During the learning collaborative, co-presenter Lois Wessel, FNP, DNP, noted that a disaster can be environmental, such as a hurricane, tornado, or snowstorm, or it can be a public health disaster, like COVID-19. Disasters can be slow moving, taking place over several weeks, such as a heatwave or severe cold snap, or immediate, like a tornado. Indeed, disasters can be both immediate and slow -- a wildfire might prompt urgent evacuations, and then continue to burn for weeks. Many are influenced by climate change but not all. All disasters have one thing in common: disruption.
“The critical component is how the disaster affects the social structures we rely on to be able to do the basics to stay safe and healthy,” Wessel said. When transportation is disrupted or air quality drastically impaired, patients may not be able to get to the health center or to the pharmacy for insulin, or to a market that would have the right foods for a person with diabetes. When power is shut off, either disrupted by a disaster or turned off in the case of rolling blackouts, insulin may not be sufficiently chilled, or food may spoil. Credit cards won’t be accepted at grocery stores, if they are open at all during an outage. In all these situations, “the goal is to make sure that an ecological disaster doesn’t become a health disaster,” Wessel concluded.
The presenters outlined key areas to prepare for: nutrition, medicines, home monitoring and clinical concerns, and physical health.
Nutrition
After a disaster, vigilance must be heightened to ensure that nutrition needs are met. Preparation before disasters is key. During the first part of the learning collaborative, Wendy Shelly, RD, CDCES, CDN, reviewed the basics of diabetes nutrition, which is also covered in MCN’s Spanish-language diabetes comic book. Shelly recommended building an emergency food box that is regularly reviewed for expiration dates. For those with sufficient means to pay for the food up front, the box can serve as a critical way to keep diabetes in check even if a disaster strikes, whether the patient is stuck at home without resources, or if she must urgently flee. Some recommended components in the box:
- Whole grains that don’t need to be cooked, including plain oatmeal, low-sugar cereals, and biscuits – those low in sodium and low in sugar. Look for high fiber and whole grain.
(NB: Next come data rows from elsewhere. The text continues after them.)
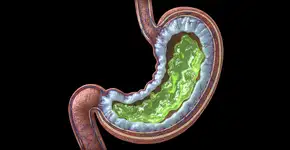 Foto: (Imagem sem texto alternativo disponivel ID [2705219])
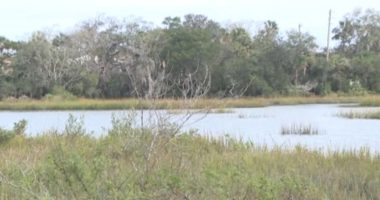 St. Augustine sues to build seawall amid flooding risk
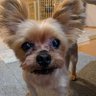 晋🐶 profil fotoğrafı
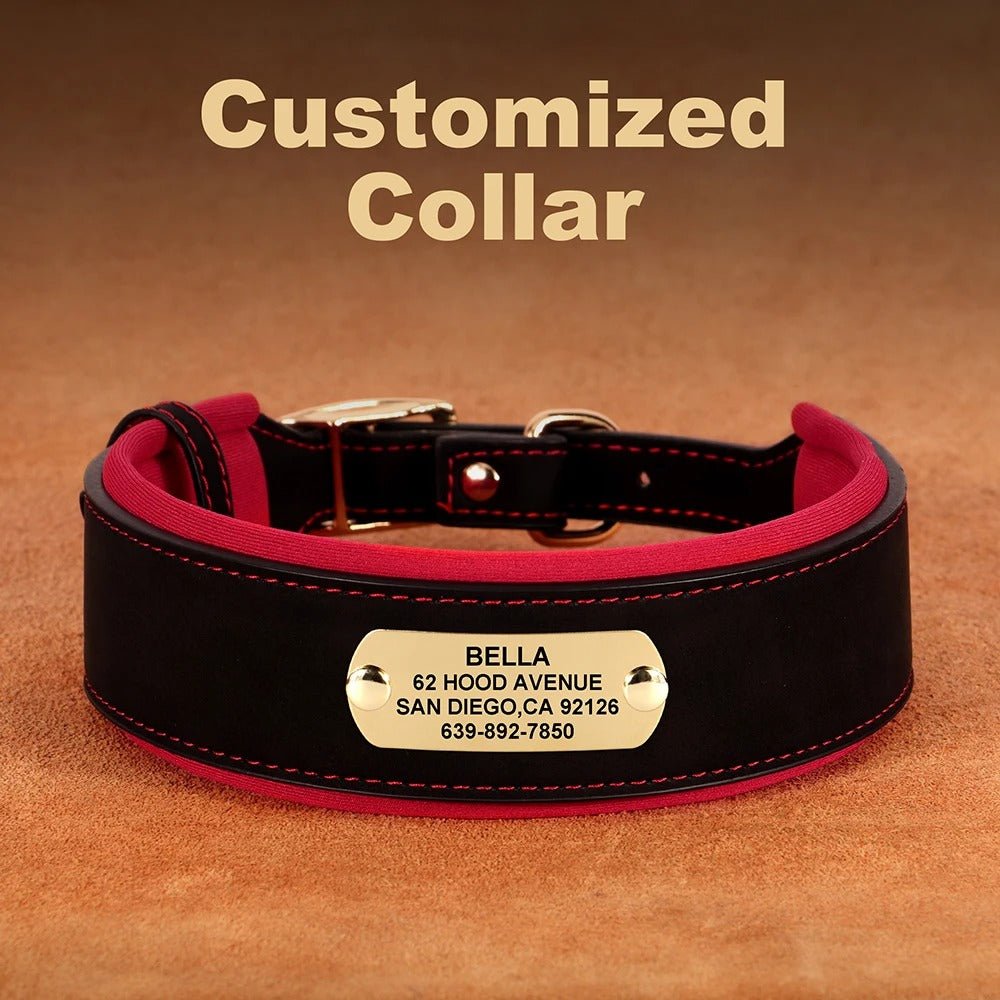 Collier en cuir pour chien | Personnalisé gravé - Balade.le.chien.com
- Proteins that don’t require refrigeration or cooking, including fat-free and low-sodium canned beans; nuts and nut butters (with no added salt); canned meats like chicken or tuna that are packed in water and not oil. Other less ideal options include dried meats, although most have a lot of salt, and powdered skim milk, which may not have excellent flavor but can provide protein in a disaster.
- Canned vegetables that are low in carbohydrates and low in added salt.
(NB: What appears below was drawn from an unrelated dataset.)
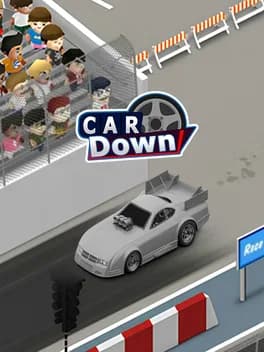 car-down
- Canned soups that are low in added salt.
- Glucose tablets and/or a few hard candies for low blood sugar emergencies. She cautions on the inclusion of the hard candies – there may be a temptation to snack when low blood sugar is not an issue. Make sure patients understand to only eat the candies when blood sugar dips dangerously low.
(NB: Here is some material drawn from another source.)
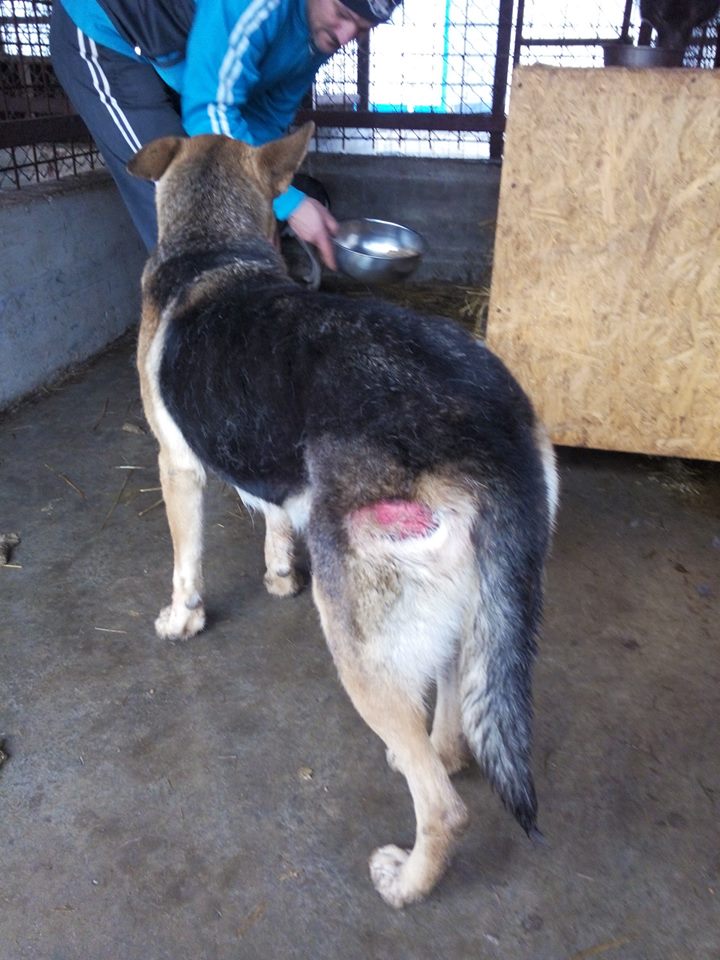 URGENCES CHIENS ET CHATS D ORASTIE - ROUMANIE - Page 21 Blesse10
Shelly also provided some additional tips:
- If you include canned foods, be sure to pack a manual can opener.
- Avoid instant soups like instant ramen due to their very high amounts of sodium.
- If you include canned fruit, do not drink the juice in which it’s packed, as that can cause a spike in blood sugar.
- Avoid drinks that aren’t water. There are a few – like Zevia or Sparkling Ice – that are sugar free and low in sodium. With limited space, however, water is the best choice.
- Pack a water filter, like a Brita filter, in the case of evacuation to a place (like a hotel or campground) where the taste of the water may discourage intake.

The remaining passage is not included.